• WHAT IS EXPECTED
Every line of the records below that holds the word "with" should be copied out.

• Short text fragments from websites
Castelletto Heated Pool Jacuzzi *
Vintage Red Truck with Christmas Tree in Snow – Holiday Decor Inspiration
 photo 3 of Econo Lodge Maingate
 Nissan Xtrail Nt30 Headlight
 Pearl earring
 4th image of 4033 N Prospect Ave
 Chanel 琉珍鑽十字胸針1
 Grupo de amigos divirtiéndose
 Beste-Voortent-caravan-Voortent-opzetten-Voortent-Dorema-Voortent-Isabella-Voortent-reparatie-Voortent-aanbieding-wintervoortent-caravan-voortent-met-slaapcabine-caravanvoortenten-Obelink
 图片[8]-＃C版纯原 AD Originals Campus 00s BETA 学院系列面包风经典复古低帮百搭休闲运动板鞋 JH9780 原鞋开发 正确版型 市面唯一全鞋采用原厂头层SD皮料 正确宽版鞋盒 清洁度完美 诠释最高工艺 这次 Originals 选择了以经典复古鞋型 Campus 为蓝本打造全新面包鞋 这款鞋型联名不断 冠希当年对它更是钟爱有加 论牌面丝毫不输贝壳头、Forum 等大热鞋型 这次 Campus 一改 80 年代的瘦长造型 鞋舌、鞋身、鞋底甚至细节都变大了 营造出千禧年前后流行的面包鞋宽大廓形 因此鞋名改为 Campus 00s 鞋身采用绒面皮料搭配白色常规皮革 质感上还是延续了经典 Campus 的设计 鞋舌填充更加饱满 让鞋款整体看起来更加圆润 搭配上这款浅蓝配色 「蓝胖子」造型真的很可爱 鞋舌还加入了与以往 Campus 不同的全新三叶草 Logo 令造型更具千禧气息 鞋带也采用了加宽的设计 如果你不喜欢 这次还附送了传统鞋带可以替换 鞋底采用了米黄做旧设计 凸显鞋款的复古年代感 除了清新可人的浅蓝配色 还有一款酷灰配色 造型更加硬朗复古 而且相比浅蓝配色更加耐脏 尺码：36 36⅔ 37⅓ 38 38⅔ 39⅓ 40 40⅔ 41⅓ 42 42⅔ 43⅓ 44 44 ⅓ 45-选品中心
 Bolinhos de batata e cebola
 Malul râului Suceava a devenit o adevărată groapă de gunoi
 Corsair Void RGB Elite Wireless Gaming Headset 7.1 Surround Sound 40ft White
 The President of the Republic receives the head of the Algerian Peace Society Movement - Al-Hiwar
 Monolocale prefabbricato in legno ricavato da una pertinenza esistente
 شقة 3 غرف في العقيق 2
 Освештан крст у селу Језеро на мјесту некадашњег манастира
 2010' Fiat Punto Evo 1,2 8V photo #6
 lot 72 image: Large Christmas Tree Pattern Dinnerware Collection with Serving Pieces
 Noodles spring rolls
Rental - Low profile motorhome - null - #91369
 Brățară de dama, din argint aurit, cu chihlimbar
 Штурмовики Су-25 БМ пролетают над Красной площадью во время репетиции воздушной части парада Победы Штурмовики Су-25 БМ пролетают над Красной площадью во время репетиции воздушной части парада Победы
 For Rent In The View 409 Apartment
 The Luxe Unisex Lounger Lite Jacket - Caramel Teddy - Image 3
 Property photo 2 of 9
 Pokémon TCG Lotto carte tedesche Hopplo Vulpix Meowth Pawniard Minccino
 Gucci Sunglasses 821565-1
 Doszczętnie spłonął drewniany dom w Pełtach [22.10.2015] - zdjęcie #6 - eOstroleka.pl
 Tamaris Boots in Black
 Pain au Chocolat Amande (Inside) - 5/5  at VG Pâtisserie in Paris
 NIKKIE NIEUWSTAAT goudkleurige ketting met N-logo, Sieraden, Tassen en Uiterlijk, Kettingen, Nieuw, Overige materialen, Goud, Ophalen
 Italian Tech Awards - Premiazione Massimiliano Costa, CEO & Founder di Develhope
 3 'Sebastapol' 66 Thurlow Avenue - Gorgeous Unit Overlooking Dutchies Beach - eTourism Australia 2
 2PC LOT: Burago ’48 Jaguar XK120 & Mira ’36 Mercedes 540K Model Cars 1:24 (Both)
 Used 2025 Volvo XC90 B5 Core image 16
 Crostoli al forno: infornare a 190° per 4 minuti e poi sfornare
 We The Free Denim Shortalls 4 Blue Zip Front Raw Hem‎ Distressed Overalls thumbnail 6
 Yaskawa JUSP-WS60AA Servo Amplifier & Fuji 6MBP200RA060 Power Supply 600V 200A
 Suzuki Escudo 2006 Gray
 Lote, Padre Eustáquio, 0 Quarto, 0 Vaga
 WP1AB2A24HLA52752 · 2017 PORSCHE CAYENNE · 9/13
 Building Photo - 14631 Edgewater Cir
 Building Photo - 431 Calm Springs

• WRITTEN ANSWER
Vintage Red Truck with Christmas Tree in Snow – Holiday Decor Inspiration
 lot 72 image: Large Christmas Tree Pattern Dinnerware Collection with Serving Pieces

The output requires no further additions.